Die Hand der Fatima als Dekoration
Als große Wanddeko – das ist der Klassiker und wirkt besonders stark.
Eine große Metallversion (oft in Schwarz, Gold oder Silber mit filigranen Ornamenten und dem zentralen Auge) hängt über dem Sofa oder im Flur. Sie bringt sofort einen Hauch von Marokko oder Orient in den Raum und wirkt auf neutralen Wänden (Grau, Beige, Weiß) sehr elegant.
Rustikale oder handgeschnitzte Holz-Varianten – perfekt für ein warmes, natürliches Ambiente. Oft in Braun-Tönen mit detaillierten Schnitzereien, manchmal rund oder oval gearbeitet. Toll im Schlafzimmer, über dem Bett oder im Wohnzimmer neben Pflanzen.
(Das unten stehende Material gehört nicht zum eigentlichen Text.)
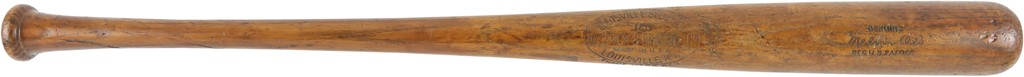 Baseball Equipment - 1938-43 Mel Ott New York Giants Hillerich & Bradsby Game Used Bat (MEARS A8)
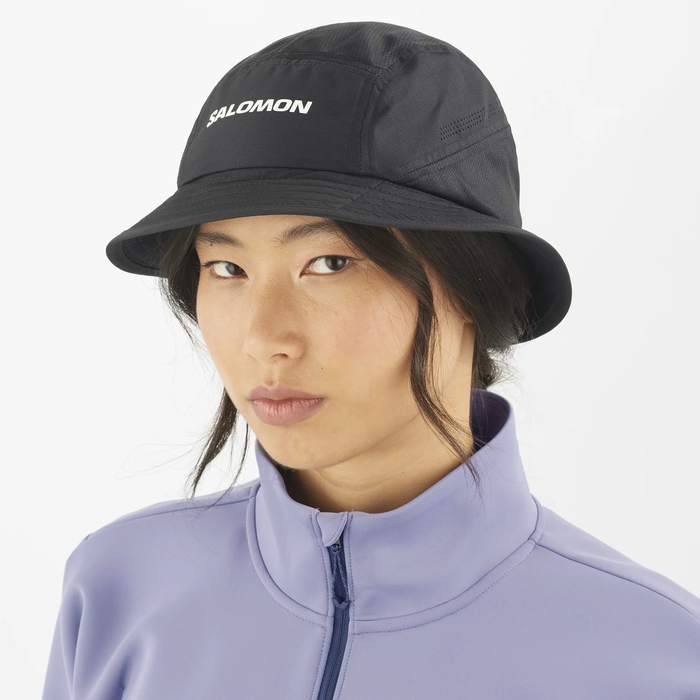 SALOMON SHKOUT BUCKET HAT DEEP BLACK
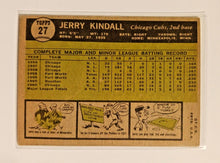 Load image into Gallery viewer, 2010 Topps Heritage 50th Anniversary 1961 Buybacks #27 Jerry Kindall
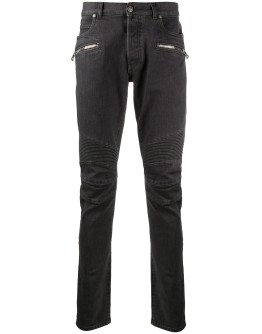 zipped pocket skinny jeans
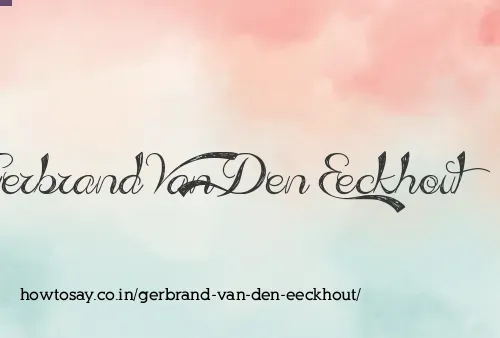 Gerbrand Van Den Eeckhout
Weiße oder pastellfarbene Gips/Stein-Modelle – sehr clean und modern-boho. Mit filigranen Mustern (Blumen, Mandalas, Swirls) und dem typischen Auge in der Mitte. Passt hervorragend zu hellen Wänden, Makramee, getrockneten Gräsern und Rattan.
Bunte, glitzernde Resin- oder Acryl-Hängedekos – trendig und verspielt, vor allem in Boho- oder Kinderzimmern. Oft mit Glitzer, holografischen Effekten, bunten Steinen oder Evil-Eye-Elementen – hängen sie als Mobile oder einzeln am Fenster/Suncatcher und fangen Licht ein.
Kunstvolle Prints oder Acrylglas-Bilder – für eine flache, moderne Variante. Handgezeichnete oder mandala-artige Designs in kräftigen Farben (Türkis, Orange, Gold) auf Acryl oder als Poster. Sehr dekorativ und günstiger als 3D-Objekte.
Funktionale Deko – z. B. als Schale/Tablett für Schmuck, Schlüssel oder Snacks (oft türkis-blau bemalt mit traditionellen Mustern). Oder als Kerzenhalter/Räucherstäbchen-Halter – kombiniert Schutzsymbol mit Alltagsnutzen.
Wandtücher / Wandbehänge – Die meisten sind aus Baumwolle oder Polyester, oft im Mandala- oder Paisley-Stil mit dem zentralen Hamsa-Hand-Motiv plus Evil Eye. Typische Größen: 130×150 cm bis 200×230 cm – perfekt als großer Eyecatcher über dem Bett, Sofa oder im Flur. Viele haben Fransen oder Quasten unten dran, was den Boho-Look verstärkt.
Beliebte Varianten:
- Große goldene oder türkis-blaue Designs mit filigranen Mustern und zentraler Hand + Auge – wirken edel und mystisch.
- Bunte Patchwork-Style mit vielen kleinen Händen, Blumen und Paisleys in Türkis, Pink, Orange – sehr lebendig und farbenfroh.
Tagesdecken / Bettüberwürfe – Hier ist die Hand der Fatima oft in das Gesamtmuster integriert: mittig platziert oder als wiederkehrendes Motiv in Ecken und Rand. Viele sind handgefertigte oder blockgedruckte indische/ marokkanische Quilts (oft mit Wattefüllung, leicht gesteppt).
Typische Looks:
- Quadratische oder rechteckige Patchwork-Decken mit bunten Stoffen, Spiegeln, Perlen und zentraler Hamsa-Hand – mega für Boho- oder Reisezimmer.
- Große Überwürfe ca. 200×230 cm in Gold-Grün oder Blau-Tönen mit Mandalas und der Hand als Hauptmotiv – doppelt nutzbar als Wandbehang oder Picknickdecke.